• **Work instruction**:
Every line from the one with "饲养一年泰和乌鸡的成本分析，究竟值不值？" through the end of the entries below must be retyped exactly, and only those lines. The pictures are not part of the copy.
Data provided: Begin
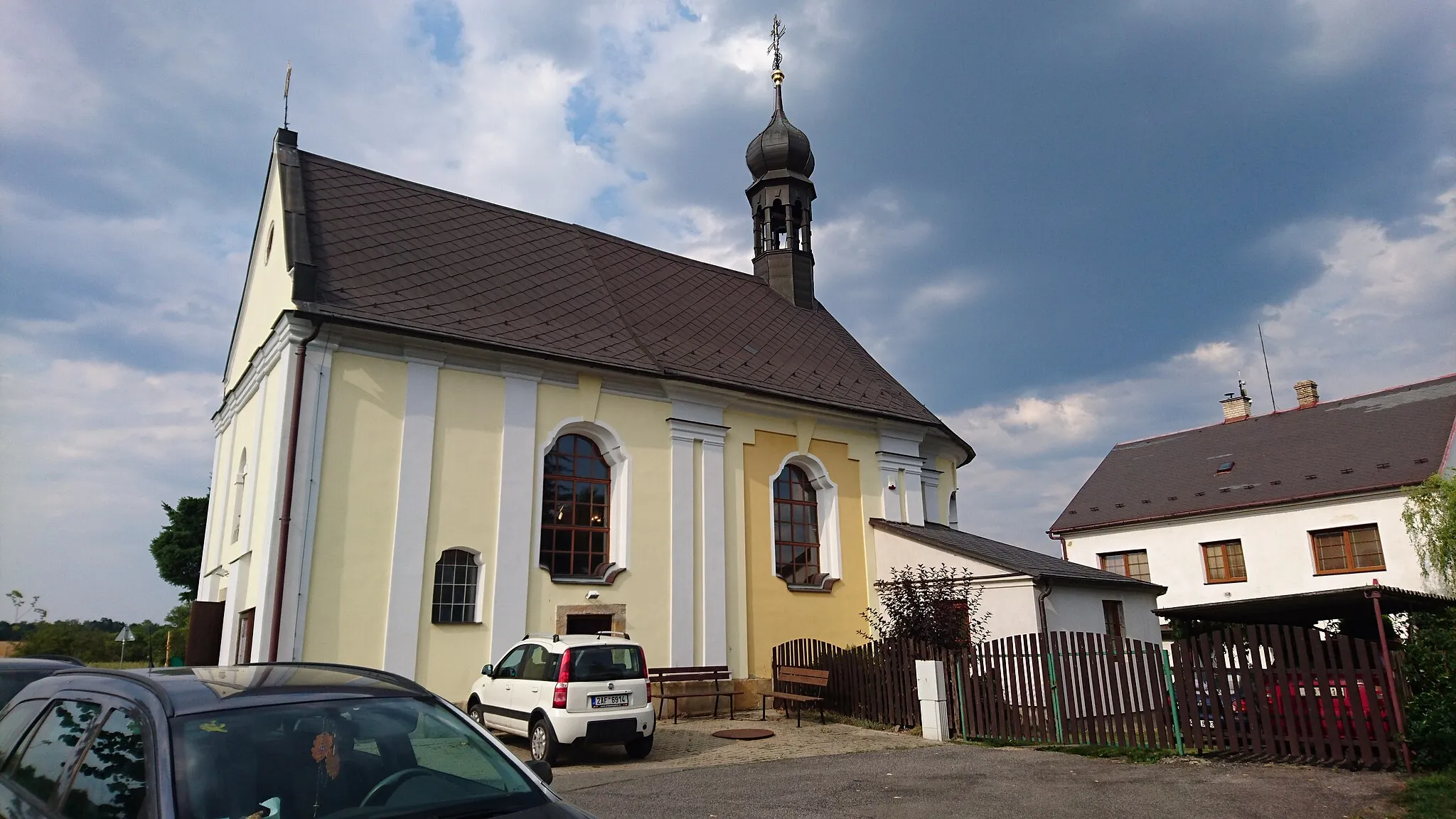 Photo showing: Kostel Narození sv. Jana Křtitele v Horních Habarticích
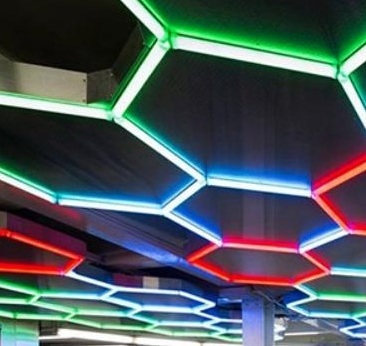 Etop Garage Lights RGB Hexagon Color Hot Sale Garage Led Light Showroom Ktv Bar Light Hexagonal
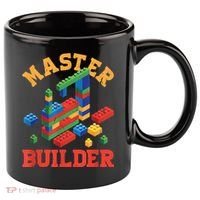 Master Builder Block Building Master Brick Builder 11oz C Handle Ceramic Mug thumb 0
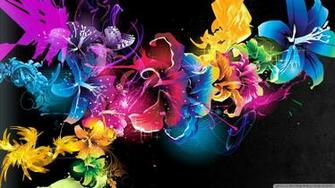 Colorful Flowers Wallpaper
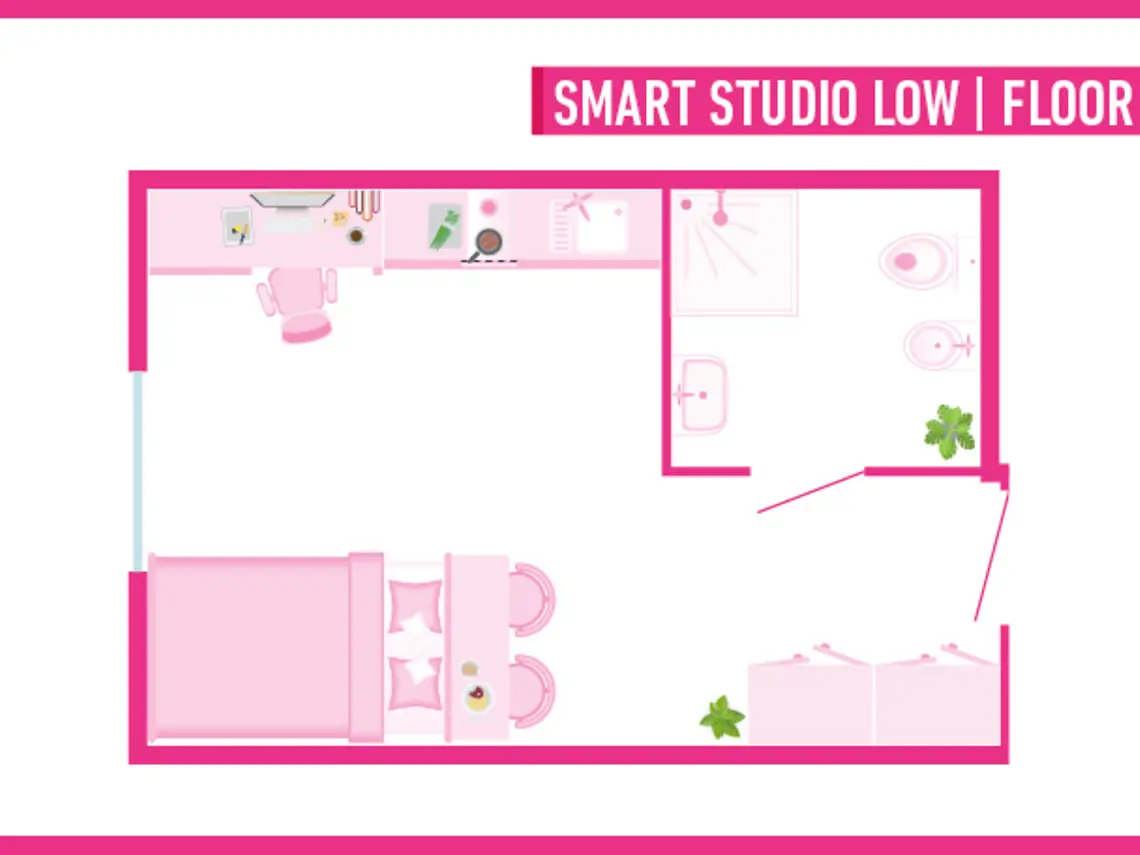 Smart Studio Low - Yugo Laude Living Bologna - Gallery - 5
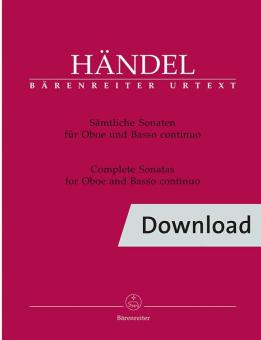 Sonates complètes pour hautbois et basso continuo Download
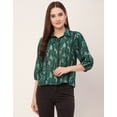 thumbnail image 3 of Moomaya Printed Shirts For Women, Casual Chic Summer Shirt Top, 3 of 9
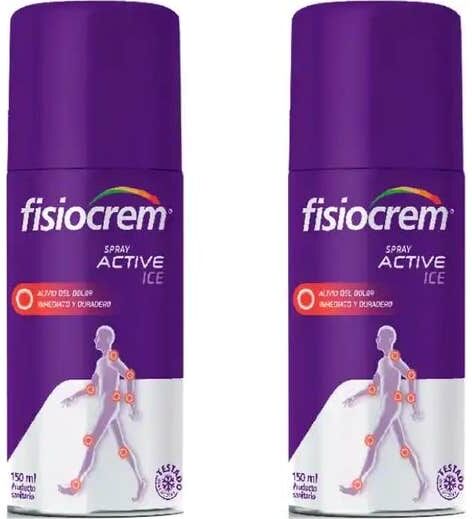 FISIOCREM Pack Spray Active Ice 2x150ml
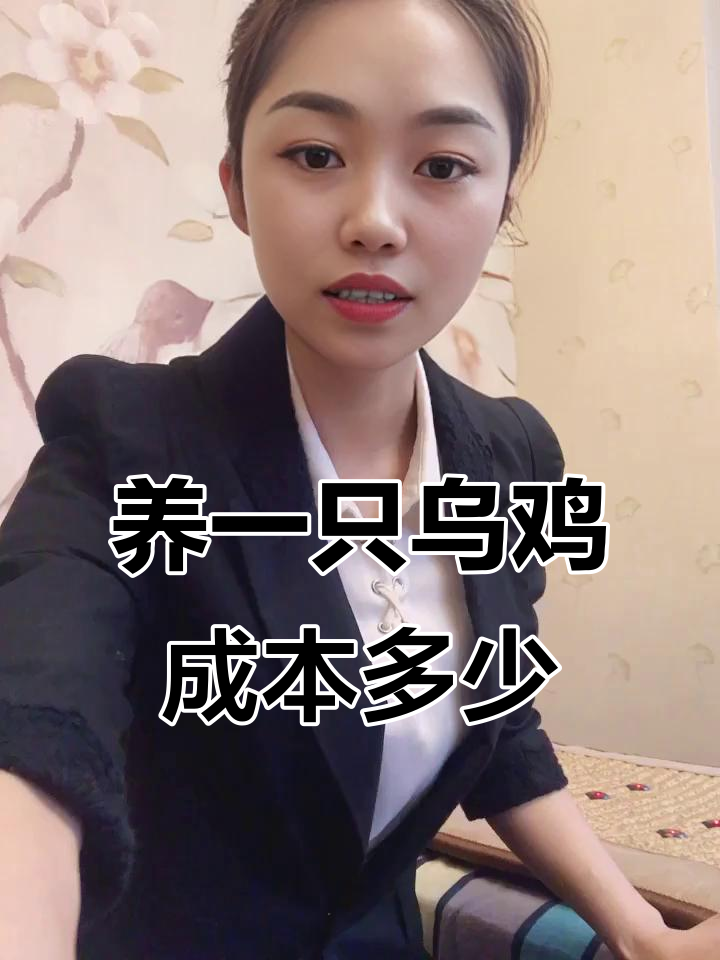 饲养一年泰和乌鸡的成本分析，究竟值不值？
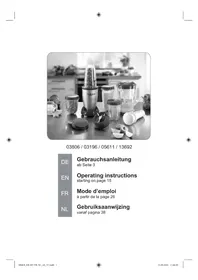 Notice Gourmetmaxx 03806 Blender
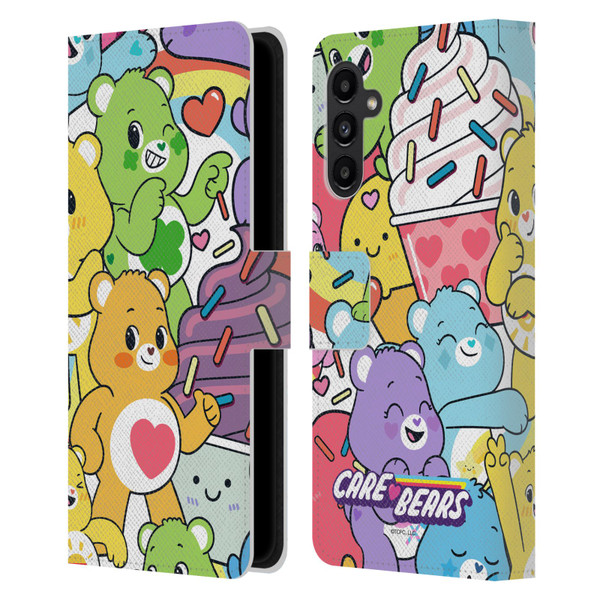 Care Bears Sweet And Savory Character Pattern Leather Book Wallet Case Cover For Samsung Galaxy A13 5G (2021)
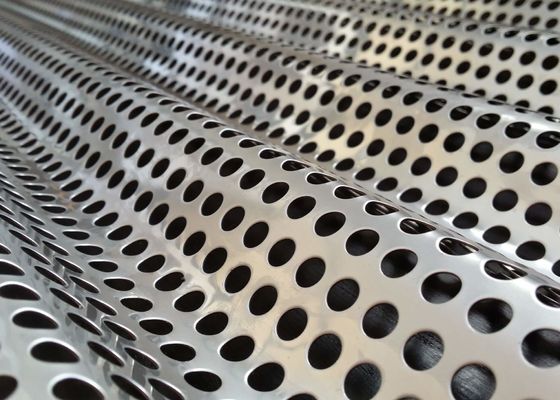 316 304 Stainless Steel Perforated Metal Mesh Porous Uniform Sound Abatement
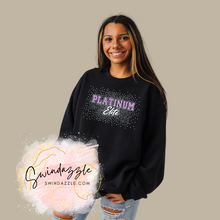 Load image into Gallery viewer, Rhinestone Platinum Elite Black Crew
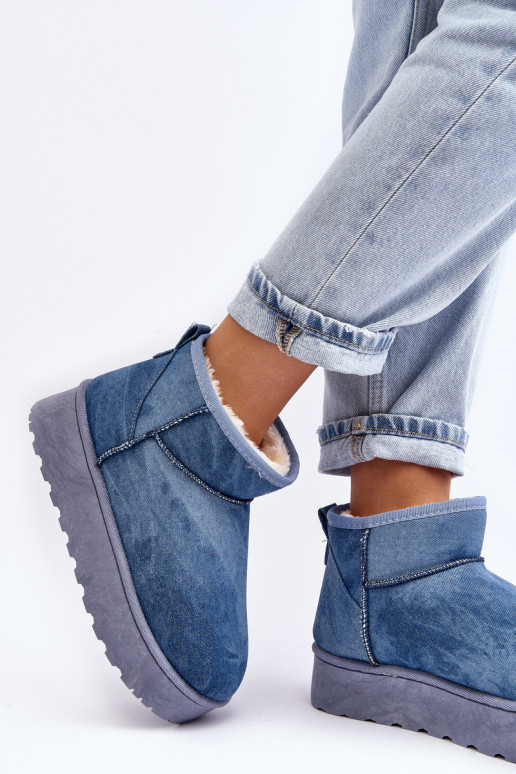 snehule s trblietkami s platformou v...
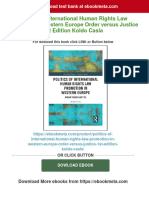 Get Politics of International Human Rights Law Promotion in Western Europe Order Versus Justice 1st Edition Koldo Casla Free All Chapters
Data provided: End
• **Your response**:
 饲养一年泰和乌鸡的成本分析，究竟值不值？
 Notice Gourmetmaxx 03806 Blender
 Care Bears Sweet And Savory Character Pattern Leather Book Wallet Case Cover For Samsung Galaxy A13 5G (2021)
 316 304 Stainless Steel Perforated Metal Mesh Porous Uniform Sound Abatement
 Load image into Gallery viewer, Rhinestone Platinum Elite Black Crew
 snehule s trblietkami s platformou v...
 Get Politics of International Human Rights Law Promotion in Western Europe Order Versus Justice 1st Edition Koldo Casla Free All Chapters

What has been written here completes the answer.